Samuel Beckett à la recherche inquiétante du regard aveugle

Despina Andropoulou

Film est un court-métrage muet de 22 minutes, écrit en 1963 par Samuel Beckett et réalisé en 1964 par le metteur en scène Alan Schneider. S. Beckett, dans son unique film, explore la structure du regard, voire du « savage eye » [1], de l’œil fauve qu’incarne la caméra à la poursuite d’un sujet qui devient le lieu d’un visible échappant à la conscience. Il précise le dispositif de l’action : « le protagoniste se scinde en deux, objet (O) et œil (Oe), le premier en fuite, le second à sa poursuite » [2]. « Il apparaîtra à la fin du film que l’œil poursuivant est celui non pas d’un quelconque tiers, mais celui du soi. » [3] 

Mû par la formule de l’évêque et philosophe idéaliste George Berkeley, critiquée à plusieurs reprises par Lacan [4], esse est percipi, « être c’est être vu », S. Beckett, en reversant la formule en non esse, cherche les conditions du non être et nous donne en trois scènes, ce que Gérard Wacjman résume de façon tout à fait pertinente : « Un vivant s’emploie à déshabiter tout, la ville, la société, le langage, sa maison, jusqu’à son propre corps. Comment soustraire sa présence ? Tout l’effort porte à séparer son corps de son image, à arracher son visage, à déposer son enveloppe visible. Se défaire de soi-même, mais sans se tuer ; s’extraire de la vie des voyants, mais sans se crever les yeux [5] ». Pour ce faire, assistant au tournage de son seul film, on imagine que S. Beckett n’avait donné qu’une consigne à son acteur, Buster Keaton : « Chercher à ne pas être. Par tous les moyens [6] ».

Le film, muet à l’exception du « chut ! » de la première partie, comporte trois moments : la rue, l’escalier et la chambre. Le spectateur assiste à la recherche menée selon une logique spéculative, démontrée de manière géométrique, des conditions permettant à O de ne pas ressentir « l’angoisse d’être perçu [7] ». Afin de présenter à l’écran la recherche du point de cécité dans l’Autre, qui offre au sujet un abri et permet la construction d’une « fenêtre » stable sur le monde, un cadre qui unifie le champ du visible et le met à la disposition du sujet qui se situe en dehors du tableau, S. Beckett invente « l’angle d’immunité [8] ». Recherche exacte, donc, d’un angle de vision qui ne doit pas excéder 45°. À 45° O est inconscient du regard, à 46° il est conscient. Le personnage « entre en percipi [9] », lorsque la caméra excède derrière son dos un angle de 45°.

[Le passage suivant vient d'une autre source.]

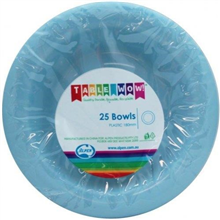 LIGHT BLUE BOWL ROUND 20PK ALP
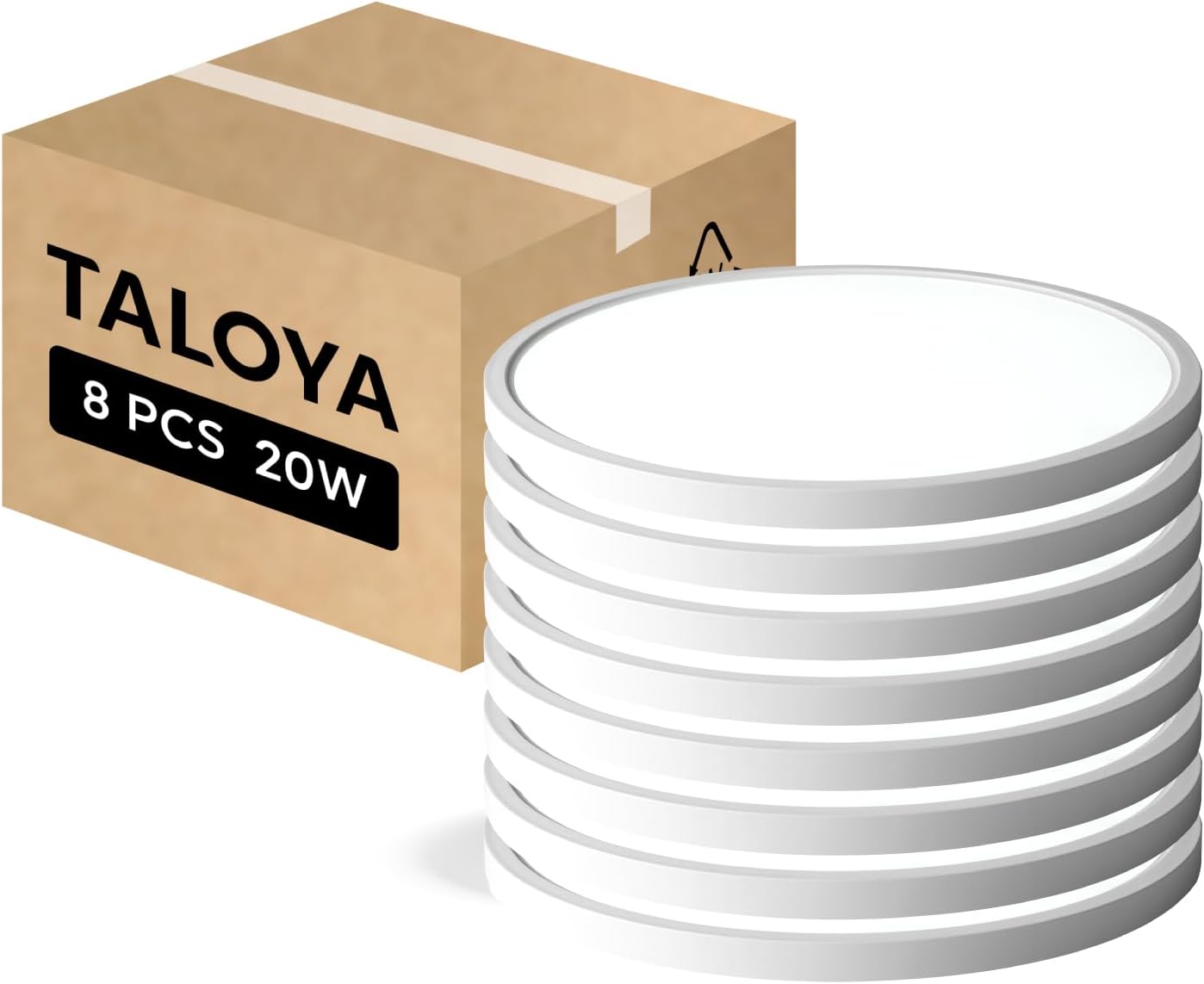 TALOYA Flush Mount Ceiling Light - 12 Inch, 20W, 5000K LED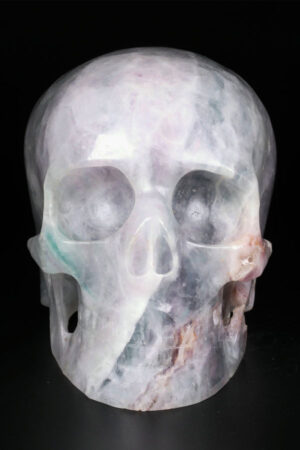 Fluoriet 'Mitchell Hedges' realistische kristallen schedel, 12.5 cm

Si, dans la première scène, le trait dominant est la parfaite adéquation des gens réfléchis les uns aux autres, l’apparition d’O (objet) sur le trottoir, qui fonce aveuglement en sens inverse des autres, perturbe l’inertie de la complaisance du miroir. Le mouvement de fuite consiste à échapper aux regards et à sortir de la capture en miroir. O trouve refuge dans une cage d’escalier. Oe épouvante une vielle dame qui descend. À la troisième scène, O s’enferme dans la chambre maternelle [10], un lieu qui, comme S. Beckett le précise, est un piège pour le sujet. O doit occulter toute source qui rappellerait l’omniprésence du regard (fenêtre, perroquet, chien, chat, etc.) mais en vain. Il est regardé de partout, tout fait tache. À la fin, « la recherche du non-être par suppression de toute perception étrangère achoppe sur l’insupprimable perception de soi [11] ». O ferme les yeux assis dans un fauteuil à bascule, Oe sort des limites imposées par l’angle d’immunité et O angoissé ouvre les yeux. Le film finit sur le sentiment d’inquiétante étrangeté.

Comme le note J.-M. Rabaté : « Beckett enlève le vernis de toutes les images de la condition humaine, tout en nous faisant nous voir reflétés dans son miroir sombre. Il rince et nettoie notre vision, montrant avec force que sa térébenthine nihiliste est le meilleur remède face à notre société moribonde du spectacle [12] ».

Références

[1] Lewis J., « Beckett et la caméra », in Chabert P. (s/dir.), « Samuel Beckett », Revue d’esthétique, Paris, Éditions Jean-Michel Place, 1990, numéro hors-série, p. 371.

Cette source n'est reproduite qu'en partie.